Karena setiap suara yang masuk dalam DPT adalah suara sah secara nasional dan suara sah tersebut secara otomatis telah bergabung didalam Partai Komite Pemerintahan Rakyat Independen karena yang memperjuangkan hak memilih untuk tidak memilih adalah wujud kedaulatan rakyat

“Mengapa harus dirubah persentasinya? Karena data memilih untuk tidak memilih jauh lebih besar jumlahnya dari Partai Politik atau Gabungan Partai Politik Peserta Pemilu yang memenuhi persyaratan perolehan kursi paling sedikit 20% (dua puluh persen) dari jumlah kursi DPR atau memperoleh 25% (dua puluh lima persen) dari suara sah secara nasional pada Pemilu anggota DPR sebelumnya, seperti yang dirilis KPU sejumlah 30,42%,” urai dia.

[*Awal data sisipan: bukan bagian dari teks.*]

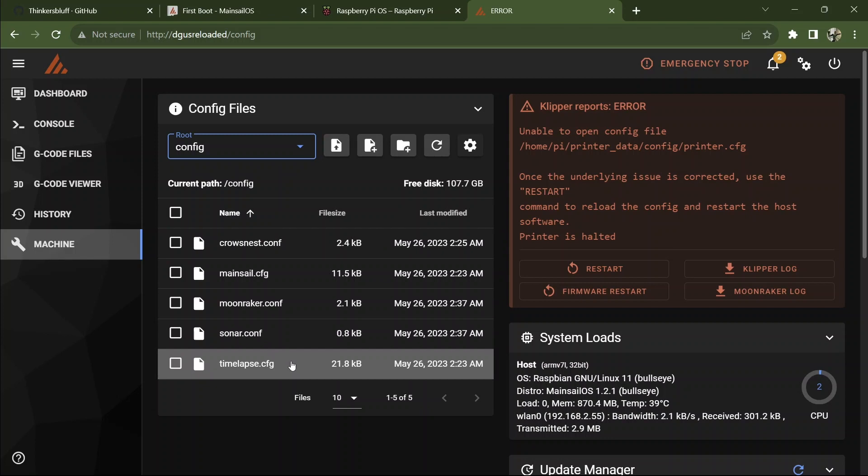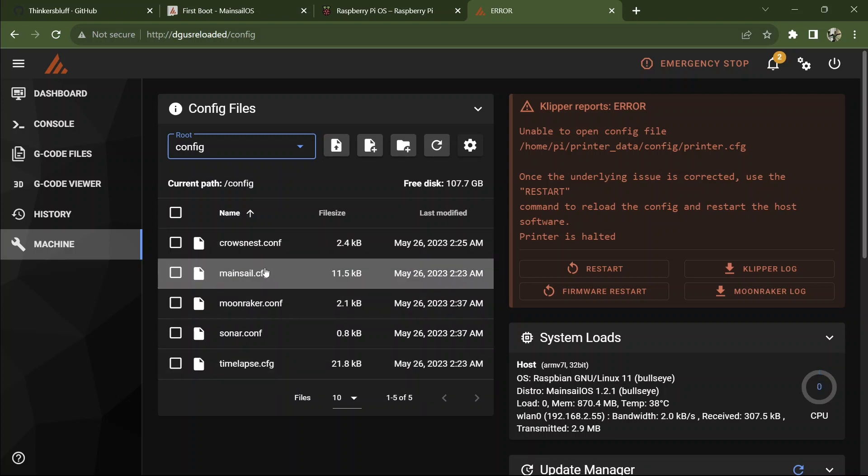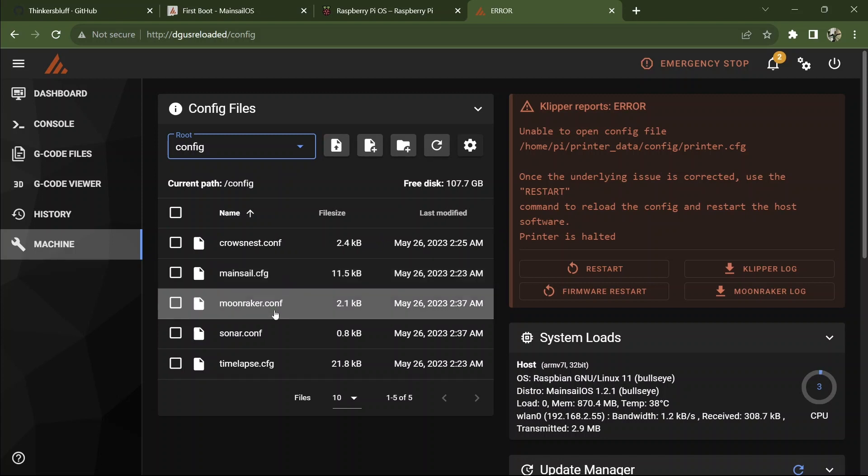Timelapse is so you can make time-lapse photography and all those wonderful shots. A series of shots showing how your print evolves over time. A lot of fun. I haven't played with that yet. Mainsail config is exactly that. It keeps Mainsail going. Moonraker, same deal. It'll tell Moonraker what's okay, what's not, who to maintain, and so on.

Sedangkan pada Pasal 226 Angka 1. lanjut Sudardjo seharusnya pasal frasanya dirubah dan dinyatakan tidak mengikat Pasal 226 angka 1, bakal pasangan calon didaftarkan oleh Partai Politik atau Gabungan Partai Politik dan/atau Partai Komite Pemerintahan Rakyat Independen ke KPU dan pasangan calon yang suaranya lebih banyak ditetapkan oleh KPU sebagai pemenang secara demokratis.

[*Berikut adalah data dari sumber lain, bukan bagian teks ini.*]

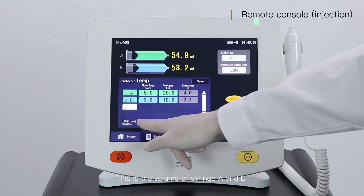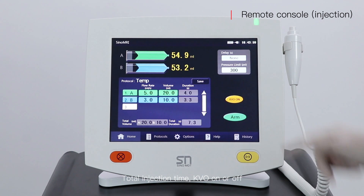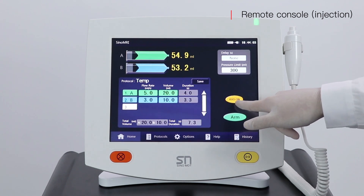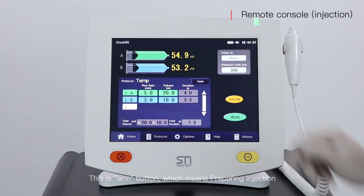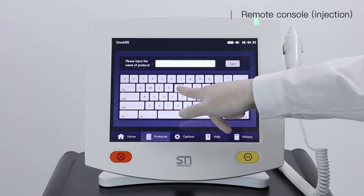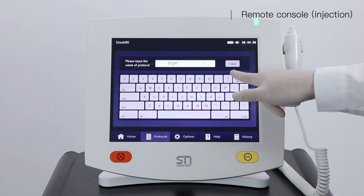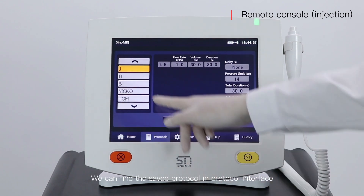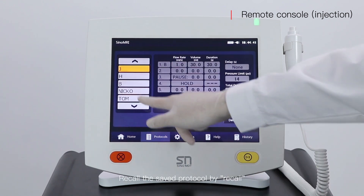This shows the volume of syringe A and B, total injection time, and KVO on or off. This is the arm button, which means preparing for injection. Save this protocol using the save button and you can also customize the protocol's name — for example, type in 'tom'. You can find and recall saved protocols in the protocol interface.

Sementara alasan yang dikemukakan oleh Sudarjo melakukan pengujian Pasal 222 dan 226 angka 1 Nomor 7 Tahun 2017 karena KPU belum mengakomodir angka memilih yang tidak memilih karena pemilih yang mengambil sikap tidak memilih termasuk didalam DPT (daftar pemilih tetap).

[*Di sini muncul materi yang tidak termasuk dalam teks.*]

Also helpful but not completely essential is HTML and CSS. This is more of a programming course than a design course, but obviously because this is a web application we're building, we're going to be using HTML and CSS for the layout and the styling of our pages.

Karena kami (pemilih yang tak mencoblos) berada dalam daftar pemilih tetap. Maka kami adalah suara sah nasional dan bisa dikatakan pemenang sah atas pemilihan umum apabila suara kami melampaui orang-orang mencoblos partai lainnya karena kemenangan kami pun merupakan representasi sejati, kemenangan dan kedaulatan rakyat.